その結果、個々の生活を一度リセットし、異なる土俵で、白紙からトライしたいと思う人が急増。もちろん、海外渡航が国内旅行のように身近になったことも影響しています。

○海外へは少しでも若いうちに・・・
若くなるほど感性が豊富で海外生活をより楽しめるのでは・・・と考えることがよくあります。海外に行っても若い時に旅した時の感じ方と今とは随分違っています。年金利用のリタイアメント制度もありますが、少しでも若いうちに海外生活することに意味や価値があるような・・・そんな気がしてなりません。

○プロセスの意義
海外移住するかどうかは結果的な問題で、大切なのは、むしろそのプロセス。未知の領域に一歩踏み込んだり、新たな価値観を求めたり・・・。移住実行の有無はどうあれ、そんなプロセスこそが一番意義有ることかもしれません。海外移住を考えることが契機となり、新たな希望や活力を見出す場合もあるでしょうし、少なくとも何もしないこと、何の疑問をもたないことよりは、はるかに素晴らしいこと。
また、生活者としての視線で海外旅行してみたり、移住手続きなどをいろいろ調べているうちに日本を再発見する場合もあったり・・・。そんな時は日本での生活も従来とは異なったものになるかもしれません。

○利点のひとつはストレスからの開放
海外で生活する日本人と話をし、海外生活の最も良い点は・・・と聞いてみると、多くの人が”ストレスの無さ”という答えが返ってきます。もちろん皆無という訳でもないでしょうが、日本のように”自殺”まで考えるようなストレスは考えられないとか。考えてみれば、日本よりも貧しい国や社会保証の無い国も珍しくありません。なのに、将来不安などとは無関係。豊かといわれる日本よりも、はるかに楽しそうに暮らしている姿を見るにつけ、いろいろ考えさせられるのも事実です。

○海外生活に向く人、向かない人・・・?
一概に海外生活の向き・不向きをのべることはできませんが、あえて言うならば、向いている人は、文化や社会の違いを楽しめて好奇心が旺盛な人。
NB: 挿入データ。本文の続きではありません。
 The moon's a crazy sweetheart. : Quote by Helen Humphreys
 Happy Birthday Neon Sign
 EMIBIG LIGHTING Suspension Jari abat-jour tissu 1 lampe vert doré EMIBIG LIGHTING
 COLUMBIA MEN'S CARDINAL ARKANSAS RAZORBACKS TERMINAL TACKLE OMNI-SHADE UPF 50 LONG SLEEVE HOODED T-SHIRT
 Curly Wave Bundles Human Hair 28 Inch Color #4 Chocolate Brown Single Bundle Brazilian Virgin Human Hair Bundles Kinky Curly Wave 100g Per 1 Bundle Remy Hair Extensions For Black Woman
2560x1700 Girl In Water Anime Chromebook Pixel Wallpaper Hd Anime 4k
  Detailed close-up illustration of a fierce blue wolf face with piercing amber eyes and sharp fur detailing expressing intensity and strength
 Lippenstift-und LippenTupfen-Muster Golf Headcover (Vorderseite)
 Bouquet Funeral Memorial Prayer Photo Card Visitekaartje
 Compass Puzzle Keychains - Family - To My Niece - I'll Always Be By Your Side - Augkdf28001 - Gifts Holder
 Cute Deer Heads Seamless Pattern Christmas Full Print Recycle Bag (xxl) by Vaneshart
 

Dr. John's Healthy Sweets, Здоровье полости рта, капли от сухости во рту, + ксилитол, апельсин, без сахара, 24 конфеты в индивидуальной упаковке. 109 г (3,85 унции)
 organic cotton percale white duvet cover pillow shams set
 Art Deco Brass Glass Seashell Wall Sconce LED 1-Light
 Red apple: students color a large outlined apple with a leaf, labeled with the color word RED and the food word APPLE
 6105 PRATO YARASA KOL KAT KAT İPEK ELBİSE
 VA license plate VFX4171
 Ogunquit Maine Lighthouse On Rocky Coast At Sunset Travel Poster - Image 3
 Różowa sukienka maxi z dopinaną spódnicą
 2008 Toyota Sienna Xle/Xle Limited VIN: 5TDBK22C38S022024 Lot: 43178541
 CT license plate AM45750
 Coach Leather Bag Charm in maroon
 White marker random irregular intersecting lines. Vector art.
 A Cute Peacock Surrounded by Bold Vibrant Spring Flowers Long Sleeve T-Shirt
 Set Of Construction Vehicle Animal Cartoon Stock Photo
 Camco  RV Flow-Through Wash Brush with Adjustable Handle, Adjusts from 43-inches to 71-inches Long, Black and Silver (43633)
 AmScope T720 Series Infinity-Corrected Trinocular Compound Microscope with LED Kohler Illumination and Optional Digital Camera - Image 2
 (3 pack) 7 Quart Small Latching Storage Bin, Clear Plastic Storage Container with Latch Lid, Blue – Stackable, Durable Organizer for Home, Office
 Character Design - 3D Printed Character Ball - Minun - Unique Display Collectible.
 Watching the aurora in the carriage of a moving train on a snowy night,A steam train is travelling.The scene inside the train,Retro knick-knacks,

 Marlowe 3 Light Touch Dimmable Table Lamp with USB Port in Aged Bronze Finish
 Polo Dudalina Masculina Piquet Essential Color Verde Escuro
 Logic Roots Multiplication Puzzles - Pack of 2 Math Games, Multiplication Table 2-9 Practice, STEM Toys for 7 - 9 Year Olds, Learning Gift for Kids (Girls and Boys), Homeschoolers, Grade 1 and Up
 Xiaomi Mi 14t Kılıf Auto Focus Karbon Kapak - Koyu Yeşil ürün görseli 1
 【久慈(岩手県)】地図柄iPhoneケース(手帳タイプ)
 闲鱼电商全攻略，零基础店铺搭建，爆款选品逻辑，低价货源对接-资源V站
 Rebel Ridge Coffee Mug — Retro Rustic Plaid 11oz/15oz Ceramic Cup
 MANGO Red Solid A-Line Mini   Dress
思い立ったら世界の何処にでも出かけていき、安くて良質の宿・食堂をみつけ、現地生活に馴染むためになんでも吸収しようと意欲的な人といえるでしょう。反対に向かない人は、いろいろと日本との比較に終始する人。日本と外国とはいろいろ違っていて当たり前。その違いをひとつひとつ問題にしてみたところでなにもはじまりませんし、嫌な部分が目立っても、その中で相手国の良さを見つけ出すことができなければ、海外生活を続けていく上で障害になるでしょう。また、海外生活の全ては査証規定によって制約されるために、滞在をを継続できなくなることもあります。海外生活にはこうしたリスクがつきもの。安定や約束された将来を求めすぎる人には向かないかもしれません。